Next, the voice recognition section 130 calculates a score
representing the degree of matching between the voice input
information and each input pattern, for example, and specifies the
input pattern having the largest score. Next, the voice recognition
section 130 extracts the semantic information associated with the
specified input pattern in the voice recognition dictionary of the
specified user ID from the voice storage section 132. In this
manner, the voice recognition section 130 recognizes the semantic
information adapted to the characteristics of the user, using the
input pattern which is set in advance for each user ID, for
example.
[0126] For example, the voice input information acquired by the
voice "vol-ume" performed by the user A is input to the voice
recognition section 130. Referring to FIG. 16, for example, the
voice recognition section 130 specifies "vol-ume" that is an input
pattern stored in the voice recognition dictionary of the user A.
Accordingly, the voice recognition section 130 extracts "target of
operation is volume", which is the semantic information associated
with "vol-ume", as the semantic information.
[0127] Note that the voice recognition section 130 and the gesture
recognition section 140 may each specify the input pattern
corresponding to the input information based on the degree of
priority that is set in advance for each user ID with respect to
the input pattern, in accordance with the specified user ID, and
may each extract the semantic information associated with the input
pattern. For example, to the voice recognition section 130, the
voice input information is input by the voice input information
acquisition section 110, and further, the user ID specified by the
individual distinguishing section 170 is input. The voice
recognition section 130 acquires the input pattern and the degree
of priority that is set in advance with respect to the input
pattern such as the score addition value, which are stored in the
voice recognition dictionary of the specified user ID. Next, the
voice recognition section 130 calculates a score representing the
degree of matching between the voice input information and each
input pattern, and calculates the sum of the score and the score
addition value of each input pattern. The voice recognition section
130 specifies the input pattern having the largest sum, for
example. Next, the voice recognition section 130 extracts the
semantic information associated with the specified input pattern in
the voice recognition dictionary of the specified user ID from the
voice storage section 132. In this manner, the voice recognition
section 130 recognizes the semantic information adapted to the
characteristics of the user, using the degree of priority which is
set in advance for each user ID, for example.
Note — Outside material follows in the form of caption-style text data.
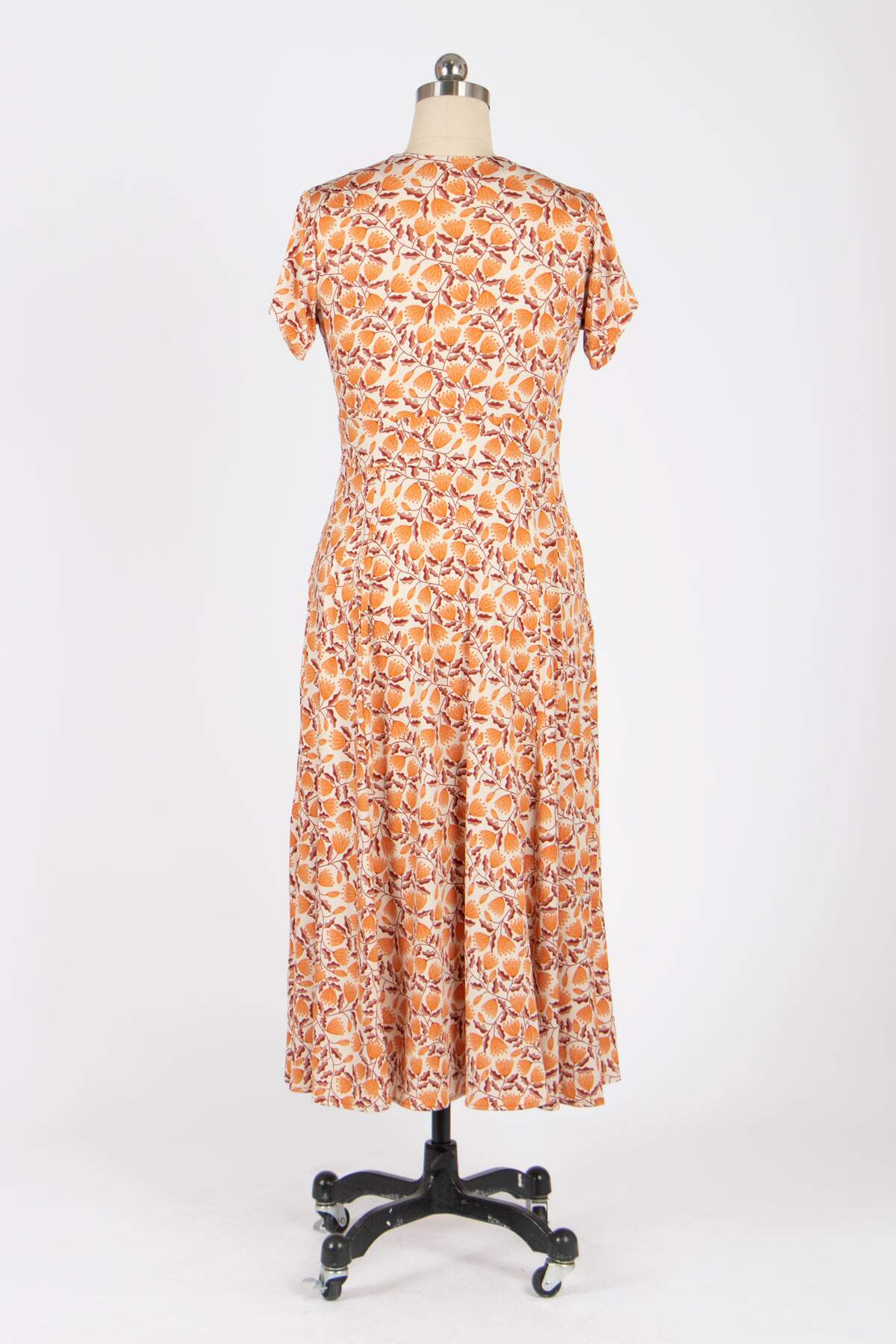 Cecelia Dress - Saffron Sunset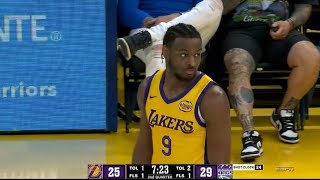 BRONNY JAMES FOUL CALL REVERSED AFTER CALIFORNIA CLASSIC LEBRON JAMES COACH CHALLENGE HIGHLIGHTS [upl. by Ilac]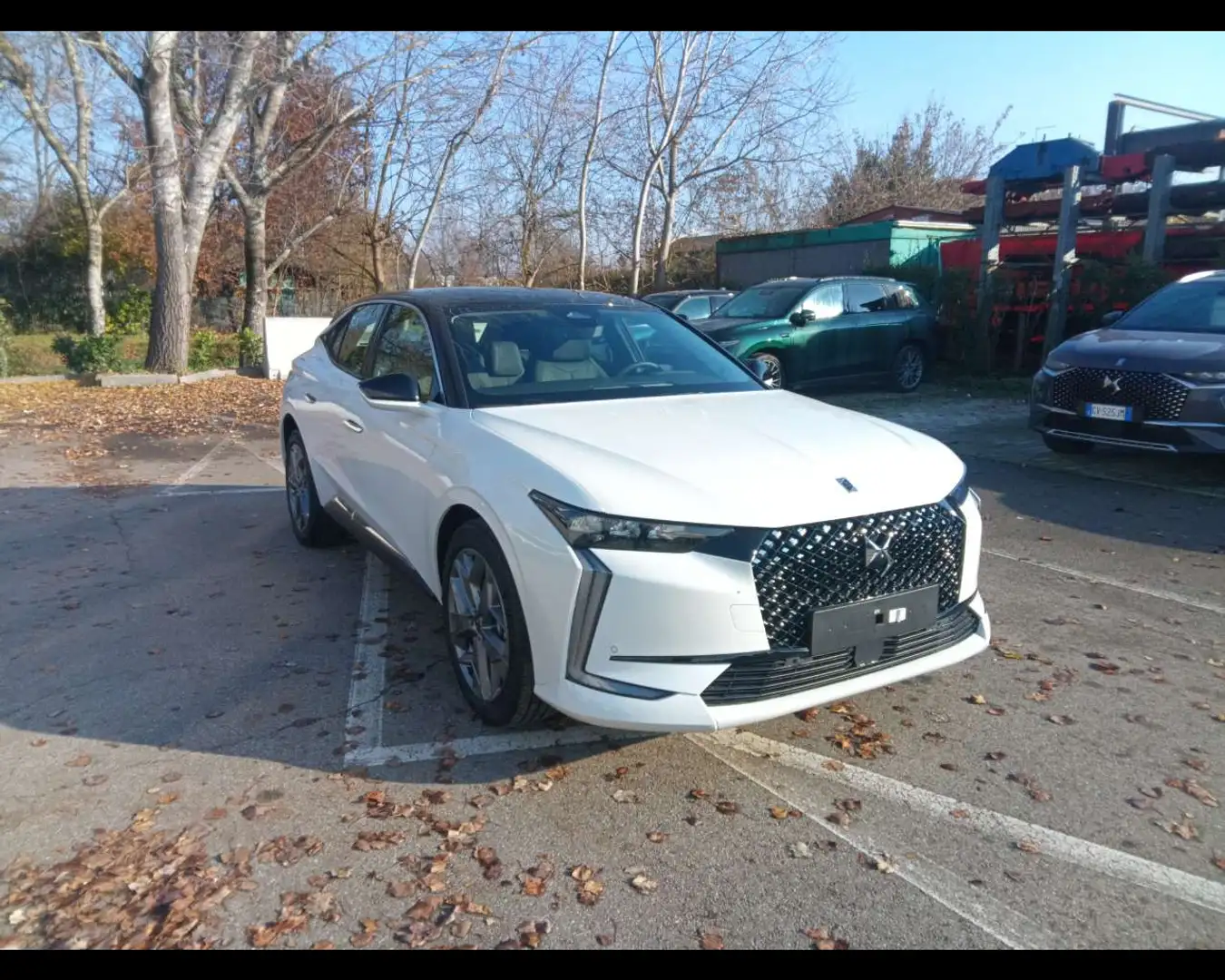 DS Automobiles DS 4 4 BLUEHDI 130 AUTOM. PALLAS Weiß - 2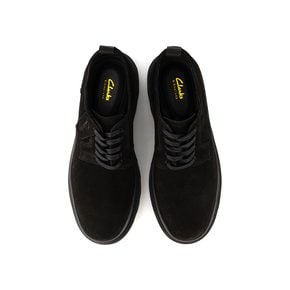 [금강]클락스 남성 컴포트 더비슈즈 BADELL LACE BLACK NUBUCK CLAOXC4126MF1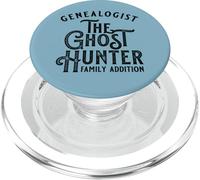 Genealogist Ghost Hunter Family History Design PopSockets PopGrip for MagSafe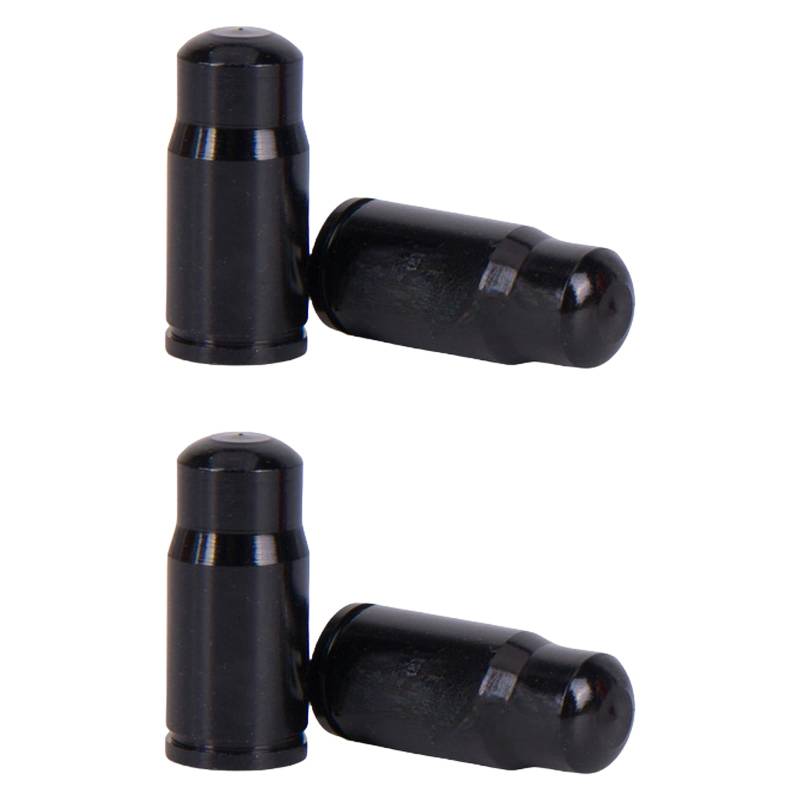 4 Stück Proof Stem Covers Bike Wheel Valves Covers Cycling Tire Air Valves Caps For Enhancing Air Retention von LEIDJGUN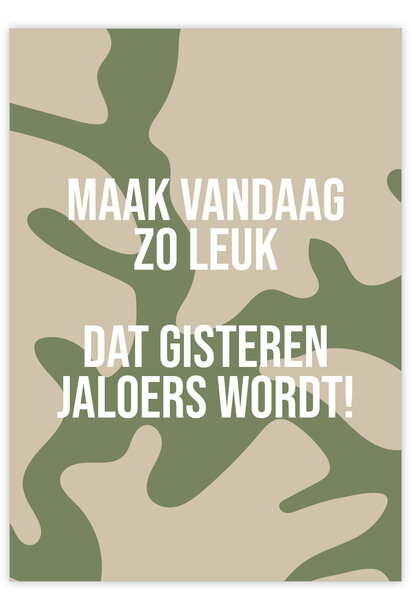 Postkaart 12 st.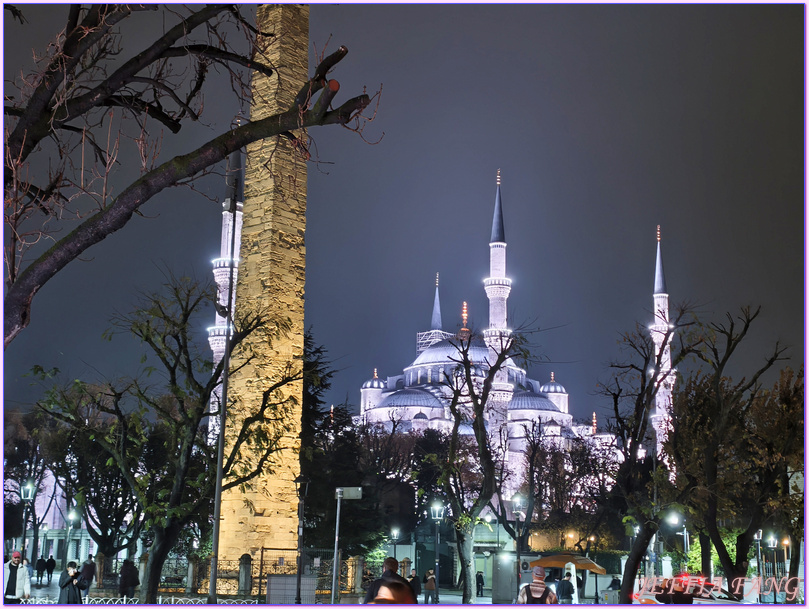 伊斯坦堡 Istanbul,土耳其Turkiye,土耳其旅遊,藍色清真寺Blue Mosque蘇丹阿何密特清真寺Sultanahmet Camii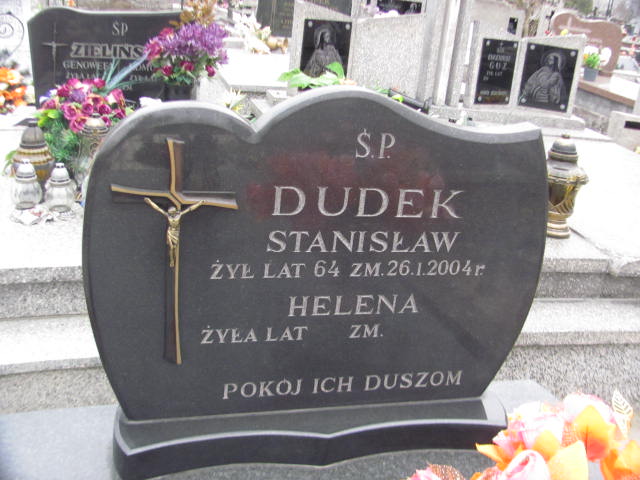 Stanisław Dudek 1940 Kock - Grobonet - Wyszukiwarka osób pochowanych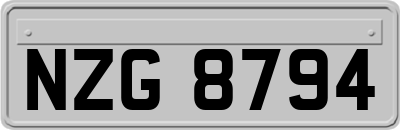 NZG8794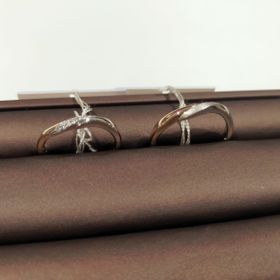 【アイプリモ(I-PRIMO)の口コミ】 指輪の4分の1のカラーがアイプリモ限定カラーのペールブラウンゴールドに…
[0128] Heretofore, as the specific examples of the technique of
recognizing the semantic information adapted to the characteristics
of the user performing the input action, there have been described
the case of using the input pattern which is set in advance for
each user ID and a case of using the degree of priority which is
set in advance for each user ID. However, the technique of
recognizing the semantic information adapted to the characteristics
of the user performing the input action are not limited to those
specific examples, and the recognition may be executed using
another specific technique.
3-2. Flow of Processing
[0129] Hereinafter, with reference to FIG. 18, there will be
described command generation processing according to the third
embodiment of the present disclosure. FIG. 18 is a flowchart
showing the command generation processing according to the third
embodiment. Of those, Step S310, Step S330, Step S340, Step S350,
and Step S360 are the same as those in the command generation
processing according to the first embodiment in [1-2. Flow of
processing]. Accordingly, the following will be mainly described:
Step S312, Step S314, Step S316, and Step S318, which are newly
added; and a different part in Step S320, in which a part of the
processing is different from that in the first embodiment.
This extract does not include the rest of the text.